Acatonal (Verg8v)

Acatonal (Verg8v)
Compound Glyph

Glyph or Iconographic Image Description: 

This black-line drawing of the compound glyph for the personal name Acatonal (“Reed Day,” attested here as a man’s name) shows a reed (acatl) plant with a reed arrow in front of it (perhaps for added assurance that this is a reed). This reed is much like the one that usually appears in the calendar. Below the reed is a glyph for tonalli (day, sun, or what Allison Caplan calls the "solar animating force"), with four points and four round circles. Water spurts out to the left from the top of the tonalli sign and curves downward, with black lines of current (movement) and droplets/beads at the end of each of four small streams.

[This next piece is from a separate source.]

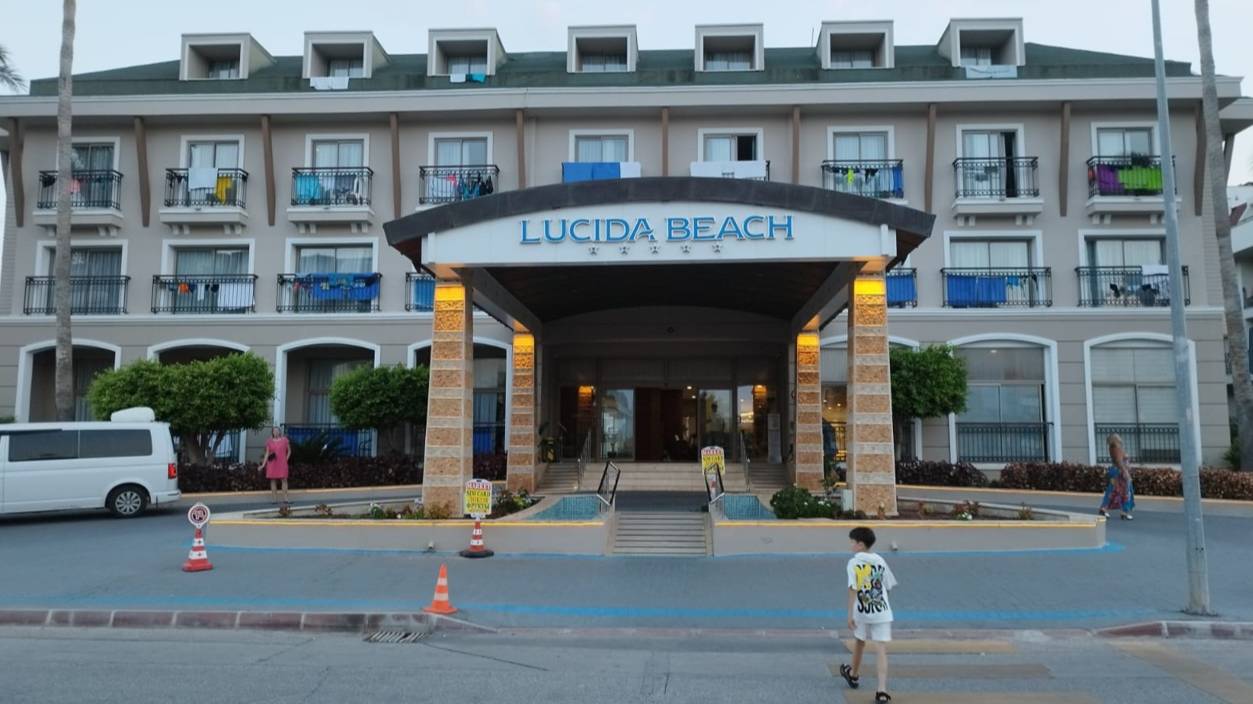 Обзор отеля Lucida Beach Hotel 5* / Турция Чамьюва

The water (atl) provides a phonetic complement for the starting sound of acatl, and it can do the same for the final -al of tonal.

Description, Credit: 

Stephanie Wood

Gloss Image: 
Gloss Diplomatic Transcription: 

juan. acatonal

Gloss Normalization: 

Juan Acatonal

Gloss Analysis, Credit: 

Stephanie Wood

Source Manuscript: 
Date of Manuscript: 

1539

Creator's Location (and place coverage): 

near Tepetlaoztoc, near Tetzcoco

Semantic Categories: 
Syntax: 
Cultural Content, Credit: 

Jeff Haskett-Wood

Parts (of compounds or simplex + notation): 
Reading Order (Compounds or Simplex + Notation): 
Keywords: 

cañas, agua, días, soles, energía, calor

Glyph or Iconographic Image: 
Relevant Nahuatl Dictionary Word(s): 
Glyph/Icon Name, Spanish Translation: 

Tule-Día

Spanish Translation, Credit: 

Stephanie Wood

Image Source: 
Image Source, Rights: 

The non-commercial reuse of images from the Bibliothèque nationale de France is free as long as the user is in compliance with the legislation in force and provides the citation: “Source gallica.bnf.fr / Bibliothèque nationale de France” or “Source gallica.bnf.fr / BnF.” We would also appreciate a citation to the Visual Lexicon of Aztec Hieroglyphs, https://aztecglyphs.wired-humanities.org/.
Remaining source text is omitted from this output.